If a product can help you evaluate third-party IT risk, it’s not a huge stretch to imagine that same product could help you assess the security risk of your subsidiaries. But many of the chief information security officers (CISOs) we talk to who have tried to apply a security ratings service to the challenge of monitoring their subsidiaries’ security tell us this approach really hasn’t worked for them. Here’s why:
There’s a big difference in your level of responsibility for a subsidiary owned by your parent company and a third-party you are considering doing business with.
Network connections with either can introduce your organization to risk, of course, but you can’t just walk away from the security issues of your subsidiaries the way you can from an independent vendor. Ultimately your organization has the responsibility for addressing the IT risks in your subsidiaries. Thus, you’re not just looking to score the level of risk at your subsidiaries, you are looking to remediate and manage issues.
Deep security expertise must be built into your subsidiary risk management approach.

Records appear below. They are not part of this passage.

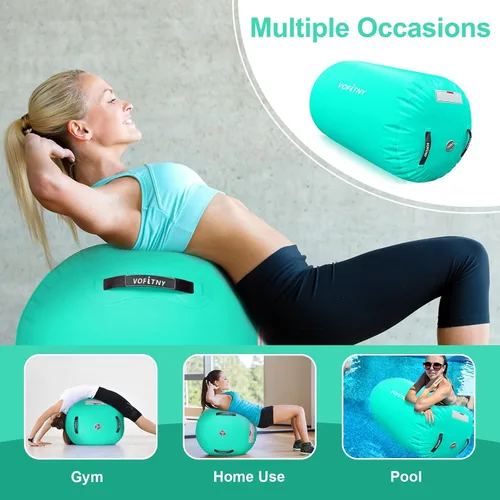 Miniatura 4 de VOFiTNY Gimnasia Equipo de Tumbling Barril de aire Inflable Octágono Vaso Rodillo Back Bend Trainer Animadoras Sin Bomba Menta nopump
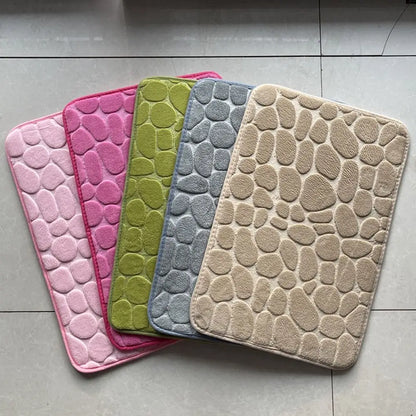 Cobblestone Embossed Bath Mat Non-Slip Carpets Water Absorption Washable Bathtub Floor Rug Shower Doormat Bathroom Decor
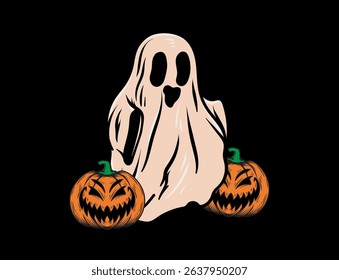 Halloween element vector design, Pumpkin, Halloween typography, Boo, isolated on black background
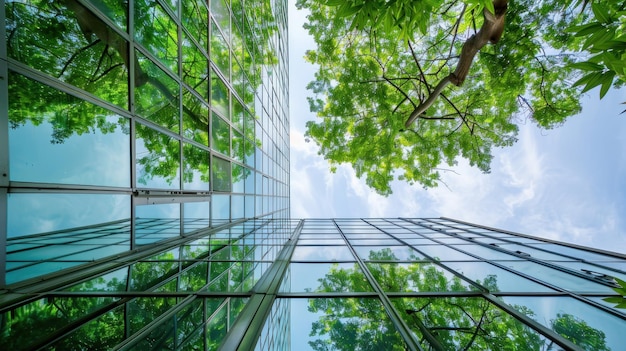 Modern Architecture with Tree Reflections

Expertise that helps you prioritize the many exposures identified and guides subsidiary teams to quickly remediate those exposures. The lack of useful remediation guidance in security ratings products is perhaps the biggest complaint we hear from CISOs who have tried unsuccessfully to use a security ratings service to manage their subsidiary or corporate risk and are now looking for a better way to do it. A product that is built for managing subsidiary risk should be able to identify:
- which attack surface assets in the subsidiary are most critical to protect
- which assets will be most desirable to attackers
- which paths into the attack surface attackers are most likely to exploit
- precisely how and where subsidiary security teams can remediate any identified attack vectors
Many corporate IT security teams oversee subsidiary risk but do not have hands-on engagement. CISOs tell us that they prefer being able to identify the highest priority risks at their subsidiaries and then offer the subsidiary security teams detailed remediation guidance about how and where to eliminate those risks. That increases the effectiveness and efficiency of all their security teams and improves their overall security.
Managing subsidiary risk is a matter of both scale and frequency.
Many organizations grow by acquisition, so their attack surfaces are ever expanding, which presents additional overload for already over-burdened and finite corporate security teams. A product that is purpose-built for managing subsidiaries should include efficiencies that scale, with a process that works for one subsidiary — or a thousand.
CISOs want an overall view of their security posture as an organization/conglomerate, as well as the detailed risk view of each subsidiary and the ability to track and report on the same. And monitoring subsidiary risk has to be an ongoing process that can easily absorb oversight of new subsidiaries and the ever-changing attack surfaces of each of them without substantial additional overhead.